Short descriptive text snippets
—————
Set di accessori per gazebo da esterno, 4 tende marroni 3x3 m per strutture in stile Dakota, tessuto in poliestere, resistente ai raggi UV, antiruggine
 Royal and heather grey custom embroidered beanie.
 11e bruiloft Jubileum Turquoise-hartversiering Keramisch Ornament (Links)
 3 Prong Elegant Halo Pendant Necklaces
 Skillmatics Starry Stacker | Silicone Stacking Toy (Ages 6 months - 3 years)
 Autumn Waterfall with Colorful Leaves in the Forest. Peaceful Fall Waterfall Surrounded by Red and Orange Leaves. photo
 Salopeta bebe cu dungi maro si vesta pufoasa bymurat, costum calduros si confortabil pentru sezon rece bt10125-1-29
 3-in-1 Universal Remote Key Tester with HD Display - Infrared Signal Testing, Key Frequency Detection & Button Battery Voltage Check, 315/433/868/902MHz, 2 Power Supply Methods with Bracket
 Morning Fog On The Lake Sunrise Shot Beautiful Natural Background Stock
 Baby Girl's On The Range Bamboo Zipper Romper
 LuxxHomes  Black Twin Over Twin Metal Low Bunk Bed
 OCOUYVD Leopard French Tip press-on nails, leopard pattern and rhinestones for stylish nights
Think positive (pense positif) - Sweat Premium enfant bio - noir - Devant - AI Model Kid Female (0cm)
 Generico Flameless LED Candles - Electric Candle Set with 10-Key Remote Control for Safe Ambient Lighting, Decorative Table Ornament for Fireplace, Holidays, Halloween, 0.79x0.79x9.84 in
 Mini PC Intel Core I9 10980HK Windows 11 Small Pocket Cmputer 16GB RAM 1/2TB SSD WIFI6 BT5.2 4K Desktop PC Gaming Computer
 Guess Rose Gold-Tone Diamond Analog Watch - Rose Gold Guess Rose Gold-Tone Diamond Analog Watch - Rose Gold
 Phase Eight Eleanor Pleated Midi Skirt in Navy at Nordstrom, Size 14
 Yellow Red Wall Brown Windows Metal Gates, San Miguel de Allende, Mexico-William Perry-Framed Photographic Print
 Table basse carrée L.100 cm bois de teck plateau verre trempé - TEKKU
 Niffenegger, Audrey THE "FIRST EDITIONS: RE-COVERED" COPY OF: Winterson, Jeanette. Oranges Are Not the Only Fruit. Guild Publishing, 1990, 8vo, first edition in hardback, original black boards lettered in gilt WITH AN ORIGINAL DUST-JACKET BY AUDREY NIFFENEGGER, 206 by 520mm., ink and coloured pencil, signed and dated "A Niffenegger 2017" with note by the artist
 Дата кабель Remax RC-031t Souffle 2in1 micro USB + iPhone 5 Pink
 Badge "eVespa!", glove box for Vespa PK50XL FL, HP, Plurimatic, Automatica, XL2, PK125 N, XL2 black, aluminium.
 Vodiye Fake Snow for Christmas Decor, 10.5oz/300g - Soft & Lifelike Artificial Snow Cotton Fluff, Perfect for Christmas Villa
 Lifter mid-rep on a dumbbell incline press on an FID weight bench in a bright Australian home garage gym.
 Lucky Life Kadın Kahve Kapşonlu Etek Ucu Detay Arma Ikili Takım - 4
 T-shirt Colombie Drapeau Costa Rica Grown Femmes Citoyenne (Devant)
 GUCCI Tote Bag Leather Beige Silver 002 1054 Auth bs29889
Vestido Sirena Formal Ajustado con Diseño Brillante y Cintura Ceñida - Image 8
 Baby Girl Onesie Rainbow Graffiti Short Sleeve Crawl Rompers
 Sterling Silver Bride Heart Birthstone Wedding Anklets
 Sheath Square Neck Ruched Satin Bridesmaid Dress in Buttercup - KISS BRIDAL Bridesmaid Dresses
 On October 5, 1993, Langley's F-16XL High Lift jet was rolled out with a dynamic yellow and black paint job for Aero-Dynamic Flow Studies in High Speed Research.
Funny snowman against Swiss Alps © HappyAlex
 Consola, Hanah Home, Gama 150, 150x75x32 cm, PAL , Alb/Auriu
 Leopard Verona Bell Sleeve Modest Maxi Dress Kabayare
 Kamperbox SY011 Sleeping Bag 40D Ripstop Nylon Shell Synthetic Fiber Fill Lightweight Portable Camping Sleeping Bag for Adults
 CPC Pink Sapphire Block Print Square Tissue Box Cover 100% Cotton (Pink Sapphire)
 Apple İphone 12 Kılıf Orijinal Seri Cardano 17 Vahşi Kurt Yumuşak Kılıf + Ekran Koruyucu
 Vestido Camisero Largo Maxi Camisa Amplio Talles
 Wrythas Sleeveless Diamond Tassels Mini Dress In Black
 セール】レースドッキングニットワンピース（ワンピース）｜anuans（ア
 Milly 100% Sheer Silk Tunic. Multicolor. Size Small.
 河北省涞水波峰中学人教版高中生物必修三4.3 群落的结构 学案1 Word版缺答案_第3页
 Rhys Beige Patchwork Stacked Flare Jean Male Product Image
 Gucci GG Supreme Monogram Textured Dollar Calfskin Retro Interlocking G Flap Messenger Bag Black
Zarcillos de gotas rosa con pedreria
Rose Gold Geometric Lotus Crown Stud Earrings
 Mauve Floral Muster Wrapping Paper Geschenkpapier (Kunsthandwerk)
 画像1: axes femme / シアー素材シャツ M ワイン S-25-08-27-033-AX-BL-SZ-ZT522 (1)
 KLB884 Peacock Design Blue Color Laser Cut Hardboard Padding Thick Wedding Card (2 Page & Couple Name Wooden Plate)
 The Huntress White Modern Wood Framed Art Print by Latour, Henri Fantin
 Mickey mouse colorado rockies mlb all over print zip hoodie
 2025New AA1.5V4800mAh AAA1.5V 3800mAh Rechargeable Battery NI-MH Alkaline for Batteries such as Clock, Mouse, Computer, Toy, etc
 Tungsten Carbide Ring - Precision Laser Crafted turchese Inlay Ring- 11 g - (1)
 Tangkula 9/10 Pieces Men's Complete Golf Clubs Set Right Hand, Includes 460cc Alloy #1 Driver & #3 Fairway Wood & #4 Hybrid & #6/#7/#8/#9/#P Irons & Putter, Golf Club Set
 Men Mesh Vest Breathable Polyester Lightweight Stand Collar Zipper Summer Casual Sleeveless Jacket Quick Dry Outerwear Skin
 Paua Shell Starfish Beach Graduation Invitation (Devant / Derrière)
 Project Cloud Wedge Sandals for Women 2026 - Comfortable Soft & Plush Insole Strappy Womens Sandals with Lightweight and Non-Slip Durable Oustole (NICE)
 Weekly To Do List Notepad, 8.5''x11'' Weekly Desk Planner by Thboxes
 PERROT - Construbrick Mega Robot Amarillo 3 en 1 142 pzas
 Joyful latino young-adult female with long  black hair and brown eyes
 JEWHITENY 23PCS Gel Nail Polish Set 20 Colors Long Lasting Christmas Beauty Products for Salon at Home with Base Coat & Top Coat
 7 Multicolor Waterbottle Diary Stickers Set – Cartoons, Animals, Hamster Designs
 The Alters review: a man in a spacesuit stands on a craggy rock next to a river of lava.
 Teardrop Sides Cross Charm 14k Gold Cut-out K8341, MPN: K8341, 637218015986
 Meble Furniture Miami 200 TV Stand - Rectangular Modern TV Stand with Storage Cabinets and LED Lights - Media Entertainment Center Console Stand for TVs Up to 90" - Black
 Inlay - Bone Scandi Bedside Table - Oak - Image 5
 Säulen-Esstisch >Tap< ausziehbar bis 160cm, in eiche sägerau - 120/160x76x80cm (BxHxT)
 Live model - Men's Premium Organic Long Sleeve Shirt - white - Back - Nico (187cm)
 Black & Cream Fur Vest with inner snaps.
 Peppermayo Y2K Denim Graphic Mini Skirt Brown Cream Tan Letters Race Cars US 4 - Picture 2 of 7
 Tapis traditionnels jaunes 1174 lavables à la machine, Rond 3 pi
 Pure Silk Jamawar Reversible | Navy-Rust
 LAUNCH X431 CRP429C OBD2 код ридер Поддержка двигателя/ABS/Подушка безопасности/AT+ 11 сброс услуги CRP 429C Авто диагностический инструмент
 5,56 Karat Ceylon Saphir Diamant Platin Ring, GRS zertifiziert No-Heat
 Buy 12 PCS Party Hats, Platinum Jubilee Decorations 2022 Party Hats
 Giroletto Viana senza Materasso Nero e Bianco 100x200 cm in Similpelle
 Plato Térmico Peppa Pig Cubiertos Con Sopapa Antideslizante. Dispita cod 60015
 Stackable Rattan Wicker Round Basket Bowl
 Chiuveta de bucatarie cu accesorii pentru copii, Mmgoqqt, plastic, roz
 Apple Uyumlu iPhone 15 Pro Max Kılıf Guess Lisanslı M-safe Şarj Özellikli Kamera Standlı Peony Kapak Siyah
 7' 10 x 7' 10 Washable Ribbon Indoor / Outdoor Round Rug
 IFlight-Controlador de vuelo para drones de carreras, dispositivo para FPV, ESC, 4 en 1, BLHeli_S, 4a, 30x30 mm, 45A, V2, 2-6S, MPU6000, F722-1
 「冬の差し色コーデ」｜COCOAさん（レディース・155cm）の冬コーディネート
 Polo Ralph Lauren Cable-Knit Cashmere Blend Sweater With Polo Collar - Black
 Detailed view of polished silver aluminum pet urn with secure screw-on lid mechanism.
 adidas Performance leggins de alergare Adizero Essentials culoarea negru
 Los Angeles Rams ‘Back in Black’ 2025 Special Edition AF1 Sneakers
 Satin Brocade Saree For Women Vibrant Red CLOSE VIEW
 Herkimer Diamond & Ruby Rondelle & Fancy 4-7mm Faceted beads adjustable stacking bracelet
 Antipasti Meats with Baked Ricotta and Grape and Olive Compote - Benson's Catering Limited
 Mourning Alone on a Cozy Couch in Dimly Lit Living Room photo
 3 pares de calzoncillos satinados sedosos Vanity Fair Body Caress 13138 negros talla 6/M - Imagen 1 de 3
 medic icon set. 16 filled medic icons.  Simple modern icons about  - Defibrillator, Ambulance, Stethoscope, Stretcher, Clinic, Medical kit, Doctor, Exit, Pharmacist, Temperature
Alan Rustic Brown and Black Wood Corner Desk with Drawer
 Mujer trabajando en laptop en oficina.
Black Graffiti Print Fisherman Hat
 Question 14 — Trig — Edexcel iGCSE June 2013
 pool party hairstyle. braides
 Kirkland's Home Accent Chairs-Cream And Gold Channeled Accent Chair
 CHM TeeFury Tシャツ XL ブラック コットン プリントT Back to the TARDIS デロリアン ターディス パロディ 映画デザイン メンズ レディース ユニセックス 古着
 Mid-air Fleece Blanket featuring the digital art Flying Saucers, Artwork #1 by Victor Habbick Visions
—————
# Exercise
Take every line from the records above that has the word "Lightweight" and copy it.

# Answer area
 Kamperbox SY011 Sleeping Bag 40D Ripstop Nylon Shell Synthetic Fiber Fill Lightweight Portable Camping Sleeping Bag for Adults
 Men Mesh Vest Breathable Polyester Lightweight Stand Collar Zipper Summer Casual Sleeveless Jacket Quick Dry Outerwear Skin
 Project Cloud Wedge Sandals for Women 2026 - Comfortable Soft & Plush Insole Strappy Womens Sandals with Lightweight and Non-Slip Durable Oustole (NICE)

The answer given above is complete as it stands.